Third Eye Opened.
Growing up in North Philadelphia, music was essential in the Glover household – during the week, my father would play everything from Stevie Wonder to Gil Scott Heron. Saturday nights and Sunday mornings, my mother saturated the walls with gospel music. I loved all of it, music got us through many tough days. Even with my father’s passing in 1992, songs that he would play over and over seemed to carry more significance–almost a message that we couldn’t understand prior.
Rap music and hip-hop has always been in my life, it made me laugh, it made me dance, it gave me my B-Boy stance, it made me a beatbox king in Junior High School, and it gave me a crew.
Upon hearing Public Enemy in 1987 – rap music gave me a purpose.
Public Enemy made me angry, by making me conscious of “the system” designed against us, most of all Public Enemy made me think. At 15 years old, in what I now call my “definitive years”, prayers and Chuck D kept me on the straight and narrow.
Yo! Bum Rush The Show was P.E.’s first album, unbeknownst to many at the time of release many wanted the album banned for its content. Yo!, was part street education(Sophisticated B**ch, Too Much, Posse, Megablast) part Black Panther Party meeting(You’re Gonna Get Yours, Rightstarter, Raise the Roof). With just enough political rebellion to jump start my untapped militant consciousness.
It Takes A Nation of Millions To Hold Us Back is the Autobiography of Malcolm X on wax, no book(other than the Bible) has had a greater impact on my life. And the album was having the same effect. Countless times I’ve listened to the album and it turned into a research project. Rebel Without A Pause gave me insight into Joanne Chesimard (Assata Shakur) and later the Soledad Brothers. Allowing myself to be absorbed into the music led to an endless wave of knowledge that opened up a whole new world of consciousness that I found to be priceless. Don’t Believe the Hype allowed me to see how the media can control the masses, in Caught, Can We Get a Witness? Chuck defends the accusations of sampling music. My personal favorite is Black Steel In The Hour of Chaos, where Chuck D gives his insight why NO Black man or woman owes Amerikkka anything in the form of military service.

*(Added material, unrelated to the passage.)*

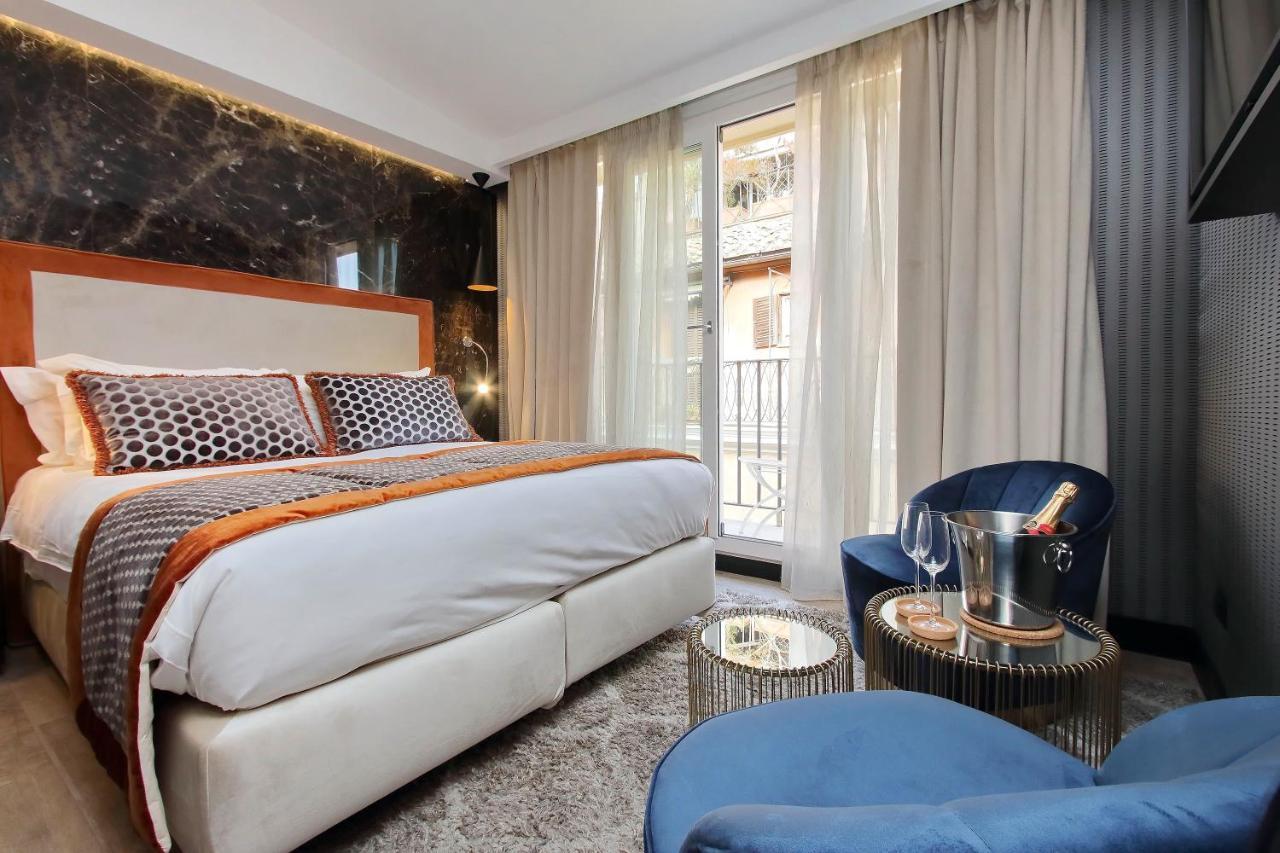 Casa de hóspedes Helmirage Piazza Di Spagna Roma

Show ‘Em Watcha Got, is a role call to our great leaders and innovators (more research). It Takes A Nation, was the elixir that I needed to consume in order to gain knowledge of self, remove the slave mentality and use my third eye.
It is easily the greatest rap album ever and one of the most important albums ever made.
If It Takes A Nation of Millions, gave me consciousness, Fear of a Black Planet gave me my social swagger. It gave me the confidence to walk into a room, knowing that equipped with a sense of knowledge I was a feared young man. The beauty of Fear of a Black Planet openly acknowledged that “every brotha ain’t a brotha” (i.e. Jason Whitlock), it talks about how “some of us would rather switch than fight”. It puts us all on guard letting us know that some of the devils we will encounter look just like us. At the end of the album Fight the Power reminds us that we’re fighting the same battle.
P.E. albums all carry significance, but it is these three that changed the way I see the world. Yo! Bum Rush The Show lured me away from the streets and showed me where I stood in this country’s social makeup. It Takes A Nation of Millions put me in the classroom and taught me to think outside the box and read in between the lines. Fear of a Black Planet was like a graduation from the first two albums. Giving me the courage, willpower and confidence to meet the freedom oppressor head on. It wasn’t always the music, at times it watching Chuck D in an interview speak with the baritone voice that knew no fear only redemption. One image that I’ll always remember is on the inside flap of It Takes a Nation of Millions – the entire P.E. crew was in a jail cell standing on top of the Amerikkkan flag (see opening photo). That image made me a believer.
The next time you read a Jason Whitlock column claming the ills of the world on hip-hip point him in my direction
It’s no mistake that 20 years later Public Enemy is still impacting lives, changing lives and most importantly – saving lives.
Brothas Are Definitely Gonna Work it Out!